Please return the lines below verbatim, beginning at the one that has "Clocks Price Guide" and stopping after the one that has "Christmas Golf Cart Invitation", and add no other lines.
--- PROVIDED INFORMATION ---
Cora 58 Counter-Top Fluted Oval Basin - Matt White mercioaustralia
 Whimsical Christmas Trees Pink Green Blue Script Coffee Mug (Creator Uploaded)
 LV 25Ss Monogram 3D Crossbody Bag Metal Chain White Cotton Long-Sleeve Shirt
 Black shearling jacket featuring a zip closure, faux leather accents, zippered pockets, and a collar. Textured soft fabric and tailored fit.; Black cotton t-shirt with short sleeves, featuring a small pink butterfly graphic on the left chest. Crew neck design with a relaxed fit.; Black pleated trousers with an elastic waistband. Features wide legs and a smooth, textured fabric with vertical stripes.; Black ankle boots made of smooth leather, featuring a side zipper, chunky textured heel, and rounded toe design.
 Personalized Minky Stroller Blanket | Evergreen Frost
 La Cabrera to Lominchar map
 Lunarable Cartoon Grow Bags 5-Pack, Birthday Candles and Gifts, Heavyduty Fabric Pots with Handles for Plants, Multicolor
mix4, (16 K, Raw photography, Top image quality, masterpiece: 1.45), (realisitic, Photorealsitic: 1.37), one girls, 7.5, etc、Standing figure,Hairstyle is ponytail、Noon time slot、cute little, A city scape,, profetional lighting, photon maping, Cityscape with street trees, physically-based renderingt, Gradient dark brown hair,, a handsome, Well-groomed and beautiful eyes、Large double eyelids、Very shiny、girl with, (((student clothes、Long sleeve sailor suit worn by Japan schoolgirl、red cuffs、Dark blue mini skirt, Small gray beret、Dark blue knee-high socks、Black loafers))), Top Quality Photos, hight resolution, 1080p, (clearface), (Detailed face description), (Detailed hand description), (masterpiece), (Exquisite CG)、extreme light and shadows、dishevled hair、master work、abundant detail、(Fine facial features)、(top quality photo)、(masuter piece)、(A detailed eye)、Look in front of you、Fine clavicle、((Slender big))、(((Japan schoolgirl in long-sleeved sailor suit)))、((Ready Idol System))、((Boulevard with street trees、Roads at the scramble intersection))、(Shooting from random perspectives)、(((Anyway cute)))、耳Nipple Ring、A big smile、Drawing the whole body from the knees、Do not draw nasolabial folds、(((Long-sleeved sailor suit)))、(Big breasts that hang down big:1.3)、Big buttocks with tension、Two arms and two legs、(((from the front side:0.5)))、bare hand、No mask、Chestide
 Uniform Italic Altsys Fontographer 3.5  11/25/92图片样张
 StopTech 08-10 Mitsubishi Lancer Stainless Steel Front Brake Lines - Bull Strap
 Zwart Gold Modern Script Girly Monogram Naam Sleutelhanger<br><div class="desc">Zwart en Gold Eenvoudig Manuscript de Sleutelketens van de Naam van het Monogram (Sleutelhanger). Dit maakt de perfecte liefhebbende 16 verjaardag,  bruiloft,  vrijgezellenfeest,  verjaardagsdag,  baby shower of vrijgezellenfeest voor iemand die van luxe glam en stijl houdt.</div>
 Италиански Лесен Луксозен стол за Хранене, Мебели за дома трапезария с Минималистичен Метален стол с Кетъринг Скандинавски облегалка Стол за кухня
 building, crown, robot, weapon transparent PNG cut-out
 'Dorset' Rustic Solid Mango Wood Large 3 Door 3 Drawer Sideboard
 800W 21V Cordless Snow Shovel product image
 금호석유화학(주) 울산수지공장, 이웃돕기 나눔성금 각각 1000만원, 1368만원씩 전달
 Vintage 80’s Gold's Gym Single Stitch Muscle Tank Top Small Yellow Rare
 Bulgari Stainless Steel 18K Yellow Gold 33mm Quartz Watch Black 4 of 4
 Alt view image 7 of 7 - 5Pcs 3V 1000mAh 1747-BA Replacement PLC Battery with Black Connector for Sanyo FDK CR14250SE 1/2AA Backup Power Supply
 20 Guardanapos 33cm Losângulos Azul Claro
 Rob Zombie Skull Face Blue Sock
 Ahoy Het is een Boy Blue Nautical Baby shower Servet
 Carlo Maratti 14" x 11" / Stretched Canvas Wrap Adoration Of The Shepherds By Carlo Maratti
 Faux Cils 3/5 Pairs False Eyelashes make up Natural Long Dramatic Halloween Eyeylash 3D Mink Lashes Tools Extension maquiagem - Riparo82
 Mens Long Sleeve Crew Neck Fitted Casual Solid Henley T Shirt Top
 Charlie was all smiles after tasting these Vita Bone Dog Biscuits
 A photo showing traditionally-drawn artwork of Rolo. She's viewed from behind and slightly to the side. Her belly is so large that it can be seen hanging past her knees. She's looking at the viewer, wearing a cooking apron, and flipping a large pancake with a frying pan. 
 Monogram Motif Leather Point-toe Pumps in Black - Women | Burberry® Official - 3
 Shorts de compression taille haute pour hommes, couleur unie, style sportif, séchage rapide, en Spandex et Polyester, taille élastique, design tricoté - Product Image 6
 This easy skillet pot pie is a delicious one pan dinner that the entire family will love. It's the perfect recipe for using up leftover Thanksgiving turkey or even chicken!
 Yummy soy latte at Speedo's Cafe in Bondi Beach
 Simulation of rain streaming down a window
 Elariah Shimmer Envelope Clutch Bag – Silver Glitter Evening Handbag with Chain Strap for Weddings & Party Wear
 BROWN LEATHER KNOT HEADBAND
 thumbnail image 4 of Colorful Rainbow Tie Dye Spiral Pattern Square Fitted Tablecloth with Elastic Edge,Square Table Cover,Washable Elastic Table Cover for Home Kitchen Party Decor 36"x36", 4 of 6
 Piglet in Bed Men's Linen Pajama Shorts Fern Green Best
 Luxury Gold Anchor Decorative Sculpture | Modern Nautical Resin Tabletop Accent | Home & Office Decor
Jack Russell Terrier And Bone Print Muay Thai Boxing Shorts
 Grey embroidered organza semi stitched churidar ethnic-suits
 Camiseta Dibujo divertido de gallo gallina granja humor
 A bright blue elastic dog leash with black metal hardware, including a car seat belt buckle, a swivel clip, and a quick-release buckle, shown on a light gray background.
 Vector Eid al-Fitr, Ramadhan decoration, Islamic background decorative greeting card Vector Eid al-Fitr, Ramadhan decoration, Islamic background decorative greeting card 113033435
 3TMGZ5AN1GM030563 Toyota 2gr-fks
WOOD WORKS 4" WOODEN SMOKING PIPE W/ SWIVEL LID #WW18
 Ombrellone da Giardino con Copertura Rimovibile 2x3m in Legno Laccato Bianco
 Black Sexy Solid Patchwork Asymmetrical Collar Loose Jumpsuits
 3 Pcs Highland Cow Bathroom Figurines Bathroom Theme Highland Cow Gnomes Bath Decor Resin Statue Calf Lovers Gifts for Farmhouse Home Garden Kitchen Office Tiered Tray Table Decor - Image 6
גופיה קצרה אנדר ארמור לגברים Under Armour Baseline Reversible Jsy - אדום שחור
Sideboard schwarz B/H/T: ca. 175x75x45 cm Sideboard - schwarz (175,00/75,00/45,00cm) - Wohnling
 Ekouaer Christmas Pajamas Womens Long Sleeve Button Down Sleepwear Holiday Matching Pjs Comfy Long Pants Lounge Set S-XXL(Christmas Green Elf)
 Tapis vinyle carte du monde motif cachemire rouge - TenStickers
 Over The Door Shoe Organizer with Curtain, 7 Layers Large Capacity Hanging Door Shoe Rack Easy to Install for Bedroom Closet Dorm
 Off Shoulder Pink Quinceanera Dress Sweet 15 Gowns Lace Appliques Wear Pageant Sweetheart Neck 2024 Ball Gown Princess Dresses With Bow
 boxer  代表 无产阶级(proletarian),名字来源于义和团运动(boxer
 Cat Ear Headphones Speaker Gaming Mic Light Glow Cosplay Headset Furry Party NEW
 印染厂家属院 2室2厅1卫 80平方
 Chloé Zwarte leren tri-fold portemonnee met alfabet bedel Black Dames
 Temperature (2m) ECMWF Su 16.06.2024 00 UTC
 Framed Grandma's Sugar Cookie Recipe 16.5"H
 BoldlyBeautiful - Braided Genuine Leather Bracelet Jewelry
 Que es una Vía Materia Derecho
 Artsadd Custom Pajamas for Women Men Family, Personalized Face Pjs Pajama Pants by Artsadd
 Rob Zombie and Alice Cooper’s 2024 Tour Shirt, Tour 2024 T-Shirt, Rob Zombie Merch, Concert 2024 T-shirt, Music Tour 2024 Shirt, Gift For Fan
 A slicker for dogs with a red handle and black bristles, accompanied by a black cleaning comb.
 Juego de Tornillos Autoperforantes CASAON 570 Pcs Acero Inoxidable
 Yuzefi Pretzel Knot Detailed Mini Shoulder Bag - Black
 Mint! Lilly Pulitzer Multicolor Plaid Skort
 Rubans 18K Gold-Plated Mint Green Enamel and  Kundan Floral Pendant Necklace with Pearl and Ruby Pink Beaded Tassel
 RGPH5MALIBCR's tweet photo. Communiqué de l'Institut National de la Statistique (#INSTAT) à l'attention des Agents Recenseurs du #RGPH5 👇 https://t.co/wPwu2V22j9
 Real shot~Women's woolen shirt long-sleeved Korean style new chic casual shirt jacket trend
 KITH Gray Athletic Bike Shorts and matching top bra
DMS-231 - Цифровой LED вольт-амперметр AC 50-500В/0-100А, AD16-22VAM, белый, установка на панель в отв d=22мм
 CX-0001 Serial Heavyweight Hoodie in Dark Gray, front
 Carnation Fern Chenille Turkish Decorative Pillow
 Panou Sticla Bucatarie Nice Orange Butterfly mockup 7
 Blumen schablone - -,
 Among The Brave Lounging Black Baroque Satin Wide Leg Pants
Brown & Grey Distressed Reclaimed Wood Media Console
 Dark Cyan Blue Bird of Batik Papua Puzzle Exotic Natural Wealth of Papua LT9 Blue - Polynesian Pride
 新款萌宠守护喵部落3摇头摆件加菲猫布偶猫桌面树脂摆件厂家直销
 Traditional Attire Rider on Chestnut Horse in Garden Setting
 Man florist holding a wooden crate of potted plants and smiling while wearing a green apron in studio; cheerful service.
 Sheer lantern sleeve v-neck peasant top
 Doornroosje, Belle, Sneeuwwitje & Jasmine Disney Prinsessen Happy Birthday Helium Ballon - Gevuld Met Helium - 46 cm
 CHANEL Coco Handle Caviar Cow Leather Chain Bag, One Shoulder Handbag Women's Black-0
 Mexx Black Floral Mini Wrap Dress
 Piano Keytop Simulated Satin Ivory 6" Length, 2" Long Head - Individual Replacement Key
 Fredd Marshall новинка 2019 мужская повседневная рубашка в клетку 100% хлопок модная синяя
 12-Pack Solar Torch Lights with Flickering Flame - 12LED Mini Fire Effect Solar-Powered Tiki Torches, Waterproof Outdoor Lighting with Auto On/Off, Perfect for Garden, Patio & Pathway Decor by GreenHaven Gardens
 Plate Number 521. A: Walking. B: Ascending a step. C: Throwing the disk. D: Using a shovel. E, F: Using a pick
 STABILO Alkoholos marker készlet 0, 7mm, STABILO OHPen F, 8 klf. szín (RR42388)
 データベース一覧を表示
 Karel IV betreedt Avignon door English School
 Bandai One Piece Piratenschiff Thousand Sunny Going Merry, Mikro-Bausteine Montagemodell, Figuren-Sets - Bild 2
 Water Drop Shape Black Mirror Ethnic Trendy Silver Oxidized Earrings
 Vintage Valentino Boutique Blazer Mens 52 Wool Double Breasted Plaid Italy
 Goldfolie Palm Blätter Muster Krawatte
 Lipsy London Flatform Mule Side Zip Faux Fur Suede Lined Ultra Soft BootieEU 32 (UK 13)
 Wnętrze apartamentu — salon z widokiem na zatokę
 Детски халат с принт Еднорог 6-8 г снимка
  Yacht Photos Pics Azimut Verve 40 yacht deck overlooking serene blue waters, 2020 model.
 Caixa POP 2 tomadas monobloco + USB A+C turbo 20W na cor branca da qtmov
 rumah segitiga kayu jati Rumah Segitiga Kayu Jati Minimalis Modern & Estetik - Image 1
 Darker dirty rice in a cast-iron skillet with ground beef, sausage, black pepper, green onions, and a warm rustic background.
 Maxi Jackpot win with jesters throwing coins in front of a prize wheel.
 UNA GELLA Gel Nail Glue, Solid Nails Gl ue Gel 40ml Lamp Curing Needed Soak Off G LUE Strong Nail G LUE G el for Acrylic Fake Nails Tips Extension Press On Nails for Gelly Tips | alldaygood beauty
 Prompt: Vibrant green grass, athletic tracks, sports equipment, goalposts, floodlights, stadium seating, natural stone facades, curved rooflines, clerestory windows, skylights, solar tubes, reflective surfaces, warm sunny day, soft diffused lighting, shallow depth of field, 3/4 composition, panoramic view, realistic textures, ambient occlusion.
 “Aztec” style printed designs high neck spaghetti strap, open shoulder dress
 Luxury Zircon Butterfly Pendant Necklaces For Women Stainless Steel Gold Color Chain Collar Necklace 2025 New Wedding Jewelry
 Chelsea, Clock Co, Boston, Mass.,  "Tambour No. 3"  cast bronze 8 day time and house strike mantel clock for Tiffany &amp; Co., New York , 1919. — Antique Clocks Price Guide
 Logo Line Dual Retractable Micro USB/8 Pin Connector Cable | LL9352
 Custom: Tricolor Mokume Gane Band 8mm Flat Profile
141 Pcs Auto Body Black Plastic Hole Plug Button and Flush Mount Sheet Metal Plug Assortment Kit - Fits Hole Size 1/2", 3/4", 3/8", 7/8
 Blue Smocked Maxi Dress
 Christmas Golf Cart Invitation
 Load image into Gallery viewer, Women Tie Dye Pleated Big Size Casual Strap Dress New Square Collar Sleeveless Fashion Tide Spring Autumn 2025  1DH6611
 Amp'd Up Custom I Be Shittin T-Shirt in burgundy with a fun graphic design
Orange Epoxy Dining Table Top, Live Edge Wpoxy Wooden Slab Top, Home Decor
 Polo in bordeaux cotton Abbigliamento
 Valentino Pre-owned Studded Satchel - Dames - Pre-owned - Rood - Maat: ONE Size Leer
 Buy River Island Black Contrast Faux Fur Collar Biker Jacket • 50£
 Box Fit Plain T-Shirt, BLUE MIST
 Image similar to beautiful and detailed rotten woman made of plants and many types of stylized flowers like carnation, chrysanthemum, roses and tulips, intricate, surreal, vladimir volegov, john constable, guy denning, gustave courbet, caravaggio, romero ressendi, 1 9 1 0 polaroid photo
---
- **RESPONSE TO THE TASK**
 Chelsea, Clock Co, Boston, Mass.,  "Tambour No. 3"  cast bronze 8 day time and house strike mantel clock for Tiffany &amp; Co., New York , 1919. — Antique Clocks Price Guide
 Logo Line Dual Retractable Micro USB/8 Pin Connector Cable | LL9352
 Custom: Tricolor Mokume Gane Band 8mm Flat Profile
141 Pcs Auto Body Black Plastic Hole Plug Button and Flush Mount Sheet Metal Plug Assortment Kit - Fits Hole Size 1/2", 3/4", 3/8", 7/8
 Blue Smocked Maxi Dress
 Christmas Golf Cart Invitation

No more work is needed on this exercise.